In Rapides Parish, the tornado caused some damage in the town of Hineston before moving back into rural areas. It proceeded into the town of Otis, clipped the northwest side of the Claiborne Range, then moved over the Kincaid Reservoir and into the western side of Alexandria. Along its northeasterly path, the tornado caused major damage in the northwestern section of Lee Heights as well as the Kingsville neighborhood where it destroyed or damaged 20 houses. The tornado then made an abrupt turn to the north-northwest (possibly occluding or reforming) and struck the Paradise community east of Tioga causing significant property damage. A trailer with four sleeping highway employees was thrown 100 yd, but all of them survived. Four buildings in the present-day town of Ball were destroyed and 43 others were damaged in the latter location. Throughout Rapides Parish, the tornado injured ten other people and caused $5 million in damage.
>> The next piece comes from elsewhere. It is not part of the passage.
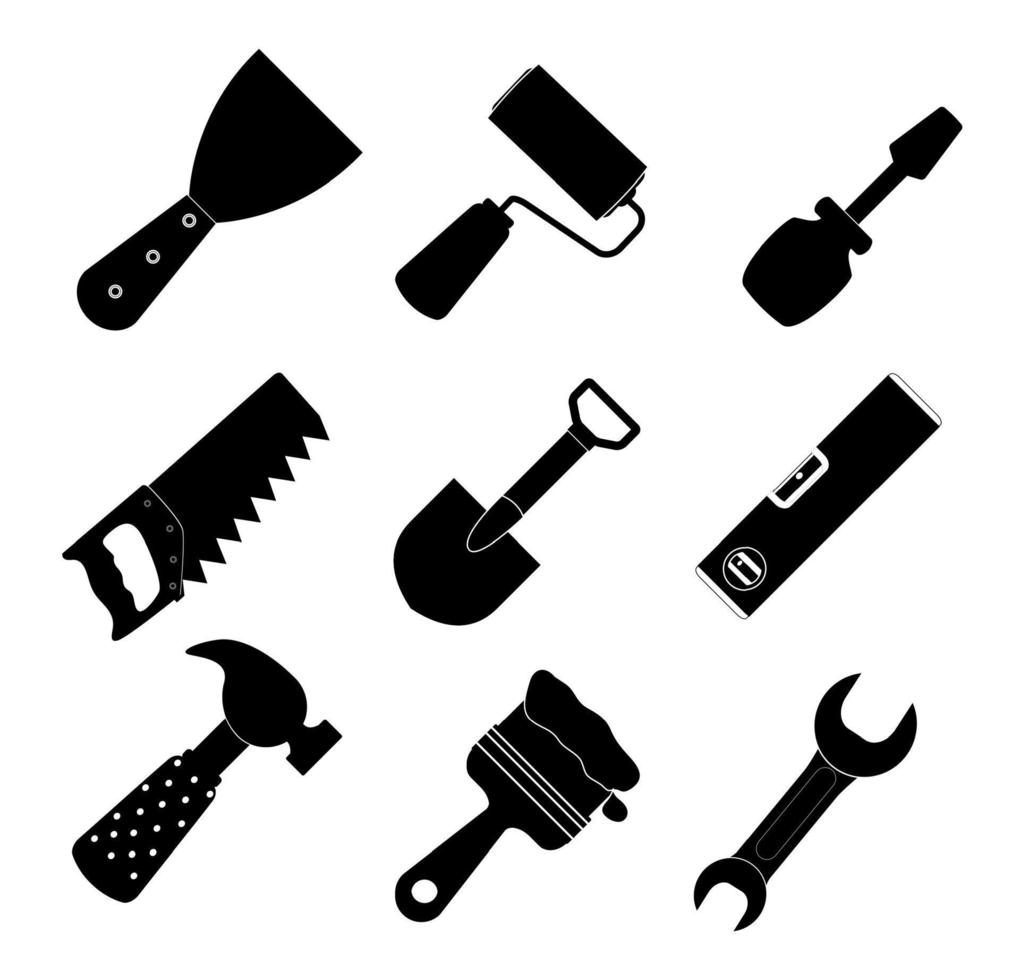 différents outils icône illustration vectorielle set1 vecteur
After entering Grant Parish and striking Pollock Municipal Airport, the tornado heavily damaged the town of Bentley. It then paralleled US-167 and struck the town of Dry Prong. From there, the tornado continued along a northeasterly track, clipping the towns of Breezy Hill and Western Lincecum and heavily damaging Mudville as it crossed over US 165. It passed through the town of Selma as well as the east side of Georgetown. Throughout Grant Parish, the tornado destroyed two houses, many barns, and other buildings, then damaged 25 other homes damaged, injured five people and caused $7.5 million in damage.
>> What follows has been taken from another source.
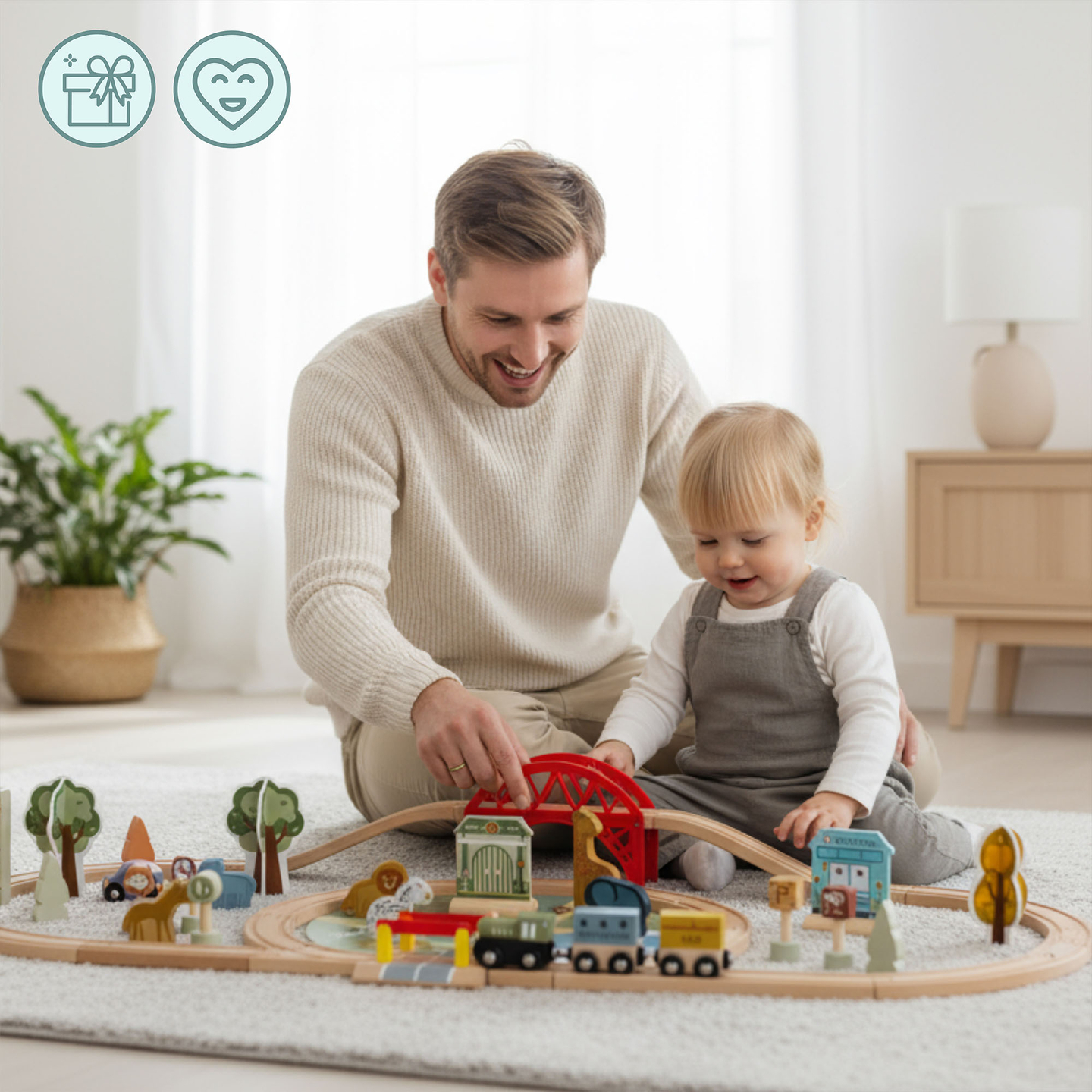 Trä ZOO-tåg – pussel, tåg, spår, djur, bro, barriär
The tornado then entered La Salle Parish with catastrophic results. Severe damage occurred in a rural area before the tornado struck Tullos. Approximately 60 houses and many other buildings were damaged or destroyed, two small children were killed and 15 other people were injured. Thousands of trees were damaged in this area as well, many of which were downed or splintered, before the tornado rapidly weakened and dissipated. Damage in and around Tullos was estimated at $2.5 million.

The tornado (or tornado family) was on the ground for 85.5 mi or at least two hours and 15 minutes with a maximum width of 300 yd. It damaged mostly harvested crops and agricultural supplies in storage in addition to damaging or destroying thousands of trees. The same storm produced very severe lightning with little thunder that affected Colfax. The tornado also passed 20 mi east of a climatological substation near Winnfield, which showed a rapid rise of 5° and then a very rapid fall of 12°. High winds accompanied the tornado over an area of 20 mi, and excessive rainfall also affected the entire area. Grazulis listed the event as three separate tornadoes from different storms rather than the same storm with the F4 tornado being the last of three; he rated the other two tornadoes F2.
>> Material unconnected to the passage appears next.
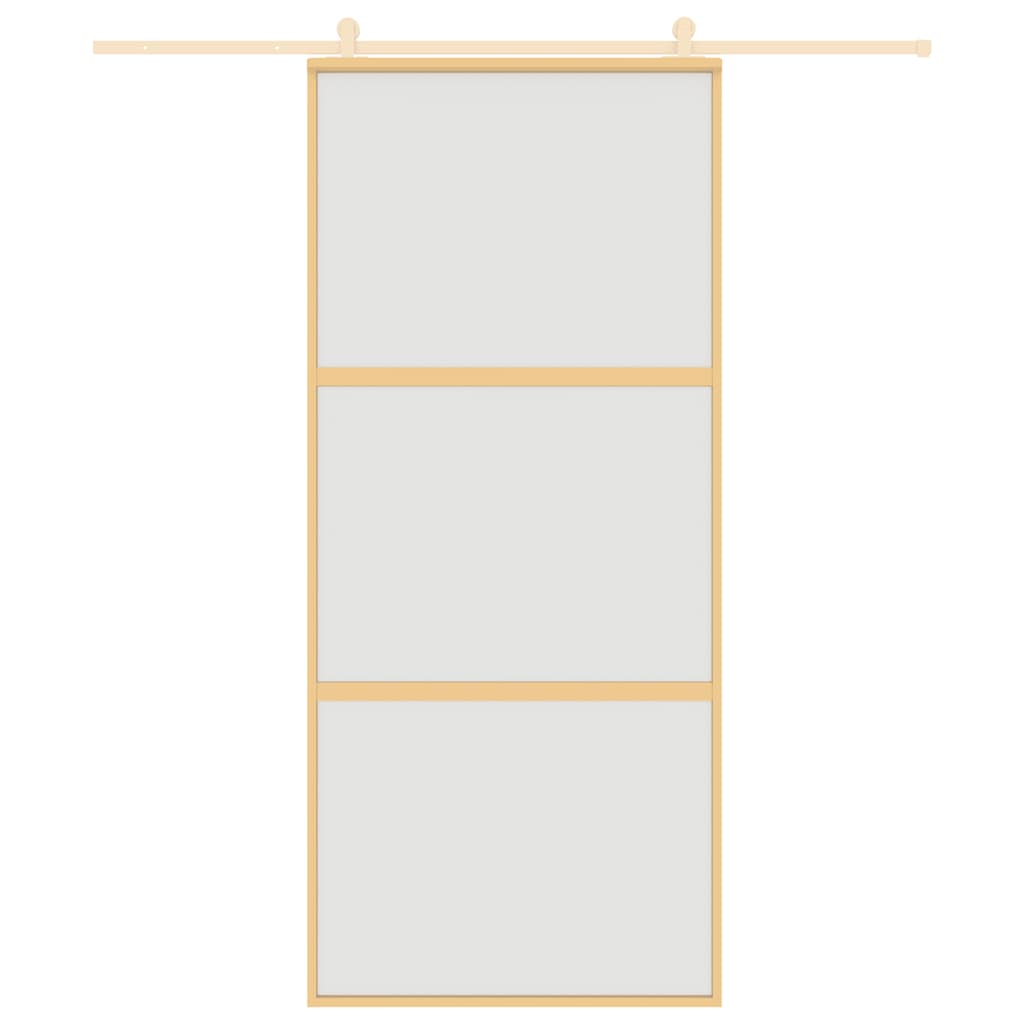 Klizna vrata zlatna 90 x 205 cm matirano staklo ESG i aluminij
===Vicksburg, Mississippi===

This powerful and destructive tornado touched down near the small community of Delta, Louisiana in Madison Parish, the rapidly growing and strengthening tornado would then crossed the Yazoo River in Warren County, Mississippi, and struck Downtown Vicksburg, causing major devastation throughout the city. It destroyed electrical services and multiple buildings in and around downtown, ignited several fires, and totaled numerous automobiles. The tornado was officially given an F5 rating, but the rating is questionable since the tornado reportedly demolished only frail structures. Thomas P. Grazulis unofficially gave this tornado an F4 rating.

==Non-tornadic effects==
On December 1, severe thunderstorm winds destroyed several barns and chicken houses, damaged a house, and blew down a few trees in Huntsville, Texas. Several fronts produced strong winds throughout various regions on December 4, causing severe damage and several casualties. In Southeastern Wisconsin, one person was killed and another was injured while in Central Arizona, there were seven injuries and one death. Additionally, severe thunderstorm winds injured seven people near Clarksdale, Mississippi on December 5.

==Aftermath and recovery==
The F4 tornado in Louisiana temporarily knocked out power to the Alexandria area, hampering communications. At one point the twister was actually headed directly towards the downtown area, but fortunately narrowly missed it as well the VA hospital five miles north of the city. No one was injured and no property damage was reported there or in the city.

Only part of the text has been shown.